University of Pennsylvania, CIS 565: GPU Programming and Architecture, Project 5
- Joanne Li
- Tested on: Windows 11, AMD Ryzen 5 7600X @ 4.70GHz 32GB, NVIDIA GeForce RTX 3070 Ti

The gif takes some time to load
This project implements a real-time grass simulator and renderer using Vulkan. Each grass blade is represented by a Bezier curve. The project has 2 passes:
- A compute pass, which simulates physics effects of the grass blades, and optimize performance by culling them.
- A graphics pass, including a vertex shader that transforms Bezier control points, tessellation shaders that generate grass geometry, and a fragment shader that shades each blade.

In the compute pass, the grass blade buffer is sent to the compute shader for simulation. Then, this updated buffer is passed to the graphics pass. The vertex shader sends the data to the tessellation shader, which dynamically creates quads for each grass blade. Finally, the fragment shader shades the grass, coloring it based on its height to create a natural gradient effect.
The grass blades are affected by three forces:
- Gravity pulls the blades downward.
- Wind pushes the blades sideways.

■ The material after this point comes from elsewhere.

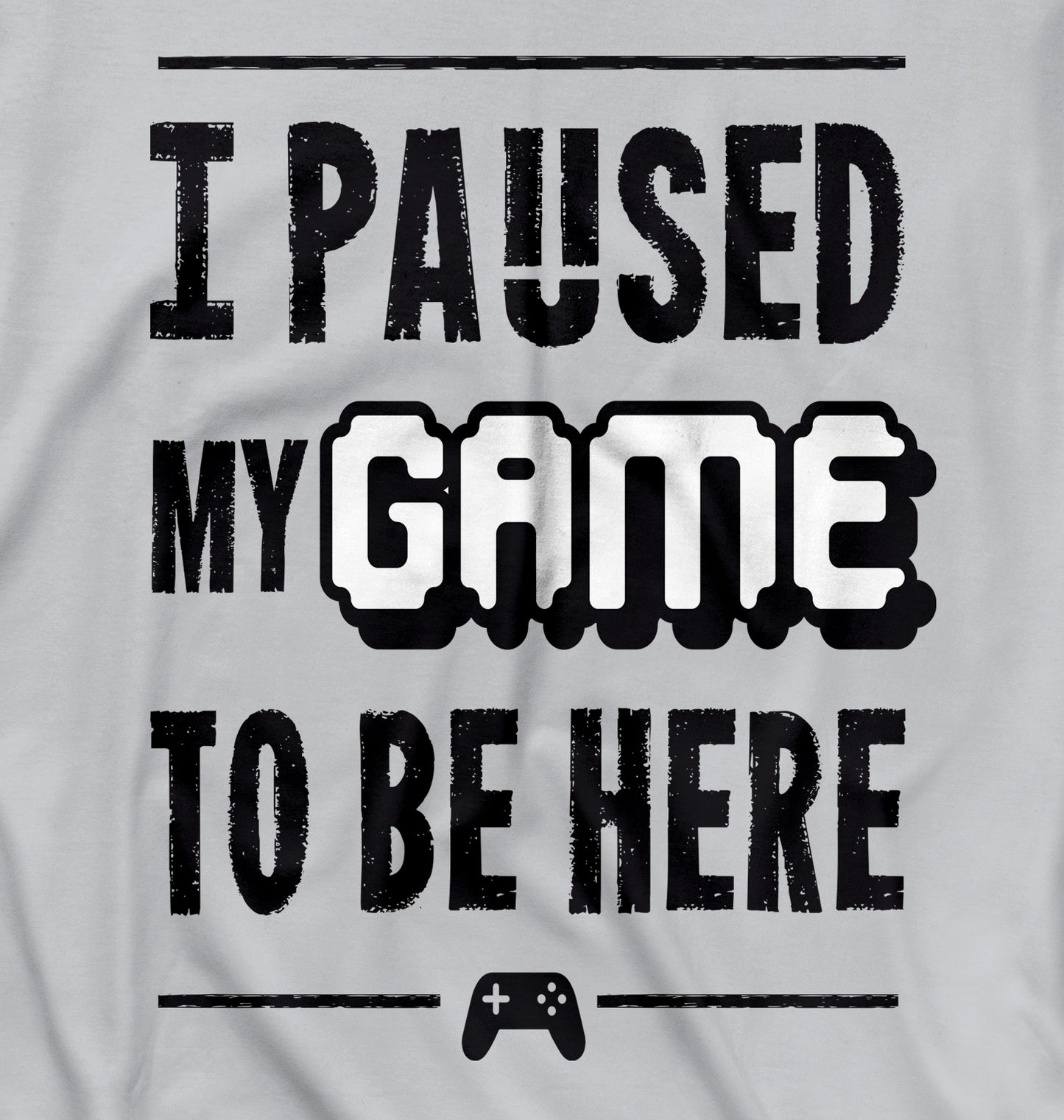 I Paused My Game to be here Shirt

A 2D noise function is used to vary wind strength to add some variation.
- Recovery force helps the blades return to their upright position after being bent.

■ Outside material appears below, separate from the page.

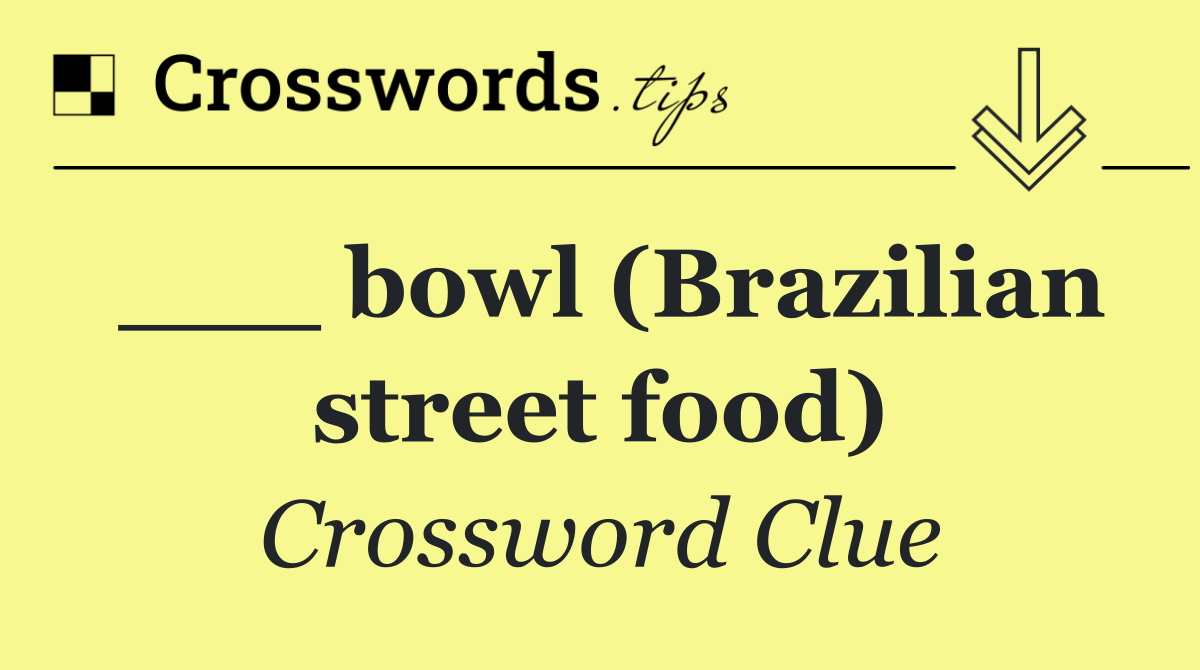___ bowl (Brazilian street food)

The gif takes some time to load
To improve performance, several culling methods are implemented:
- Orientation culling removes blades facing away from the camera.
- View frustum culling excludes blades outside the camera’s view.
- Distance culling skips blades that are too far to be noticed.
I compared the time per frame under different conditions: no culling, orientation culling, distance culling, frustum culling, and all three combined. Each method gave a clear performance boost, and combining all three achieved the best optimization, greatly reducing rendering time while keeping visual quality.
To capture the frame rate, I used RenderDoc to inject the program.